Fotos: Peter Bäumler

Im Treppenhaus und auf den Gängen ist viel Betrieb. Festlich gekleidete junge Leute hasten umher, Sängerinnen und Sänger, hier läuft gerade ein Opernwettbewerb. Im Zimmer, wo unser Gespräch stattfindet, hängt eine große Fotografie des Gesangsstars aus Bratislava, Edita Gruberova. Sie feierte gerade ihr 45jähriges Bühnenjubiläum, erhielt den mit 50.000 € dotierten Herbert von Karajan Preis und denkt noch immer nicht daran abzutreten. Unsere Gesprächspartner sind Direktor Peter Čerman, die stellvertretende Direktorin Dr. Daniela Sliacka, Absolventin Barbara Jurikova, sowie der Vizedirektor und Vorsitzende der Stiftung Konservatorium Mgr.art., Tibor Ghillhány.
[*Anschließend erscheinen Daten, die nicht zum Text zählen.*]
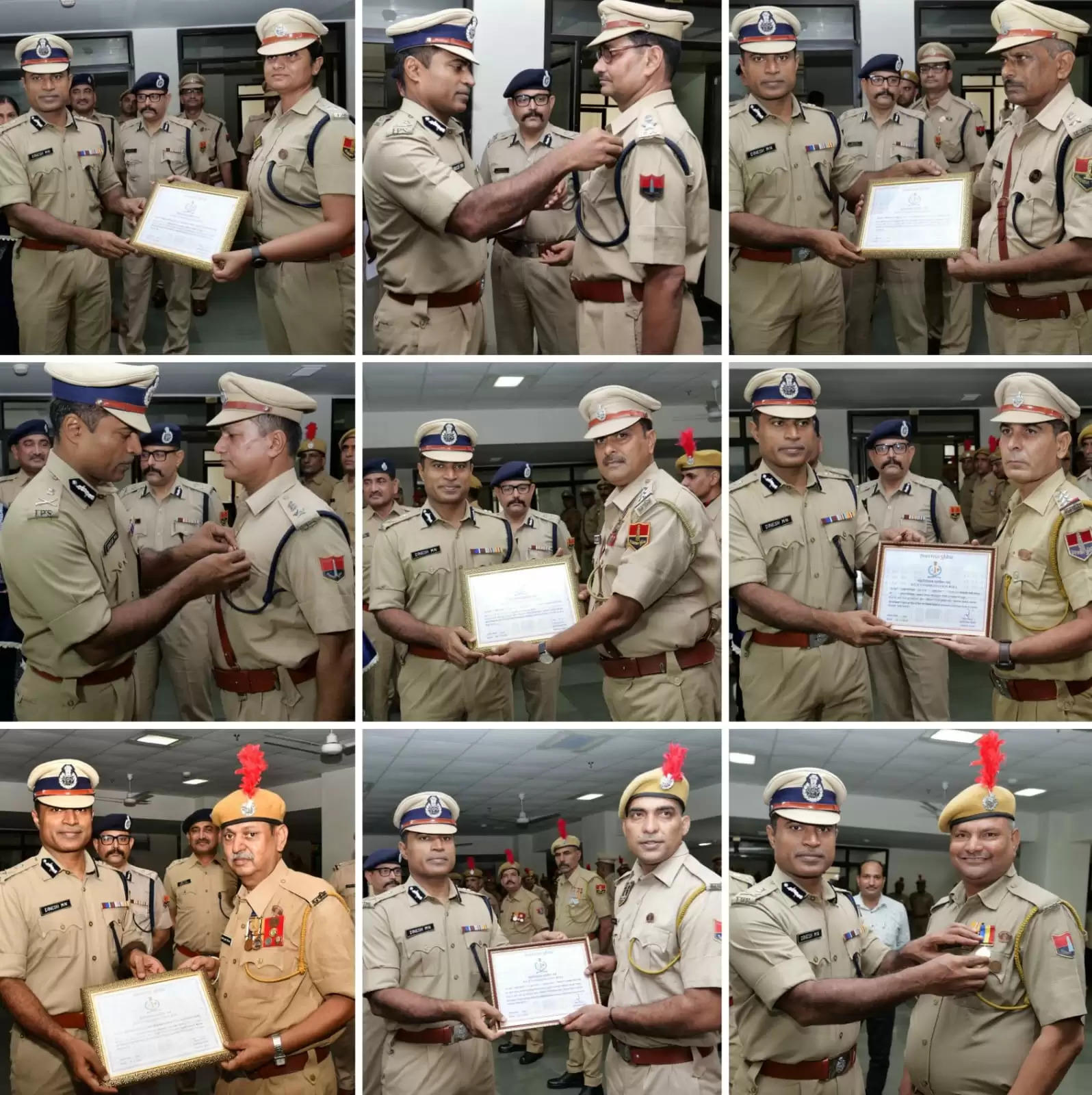 पुलिस अलंकरण समारोह : पुलिस मुख्यालय सीआईडी अपराध शाखा के 103 पुलिसकर्मी सम्मानित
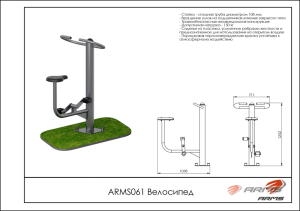 Уличный тренажер Велосипед ARMS ARMS061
Auf jene Sängerinnen und Sänger, die der Weg vom Konservatorium in Bratislava an die ersten Opernhäuser der Welt führte, ist man besonders stolz – und so sind wir gleich im Gespräch darüber, wen man wann und wo erlebt hat. Etwa die Gruberova, als sie 1985, sie hat der sozialistischen Heimat gerade den Rücken gekehrt, mit dem Ensemble der Wiener Staatsoper als Zerbinetta in „Ariadne auf Naxos“ von Richard Strauss wenige Wochen nach der Wiedereröffnung in der Dresdner Semperoper gastierte. Ihre späteren konzertanten Opernabende als Belcantostar sind legendär. Natürlich kennen wir auch Gabriela Beňačková oder den Tenor Peter Dvorský, der inzwischen das Opernhaus der slowakischen Stadt Košice leitet; Kulturhauptstadt Europas 2013! Wir tauschen uns aus über slowakische Komponisten, deren Opern auf den Spielplänen in der früheren DDR standen, Jan Cikkers „Auferstehung“ nach Tolstoi, 1962 in Gera, oder „Krútňava“ von Eugen Suchoň, deutsche Erstaufführung in Karl-Marx-Stadt 1955. 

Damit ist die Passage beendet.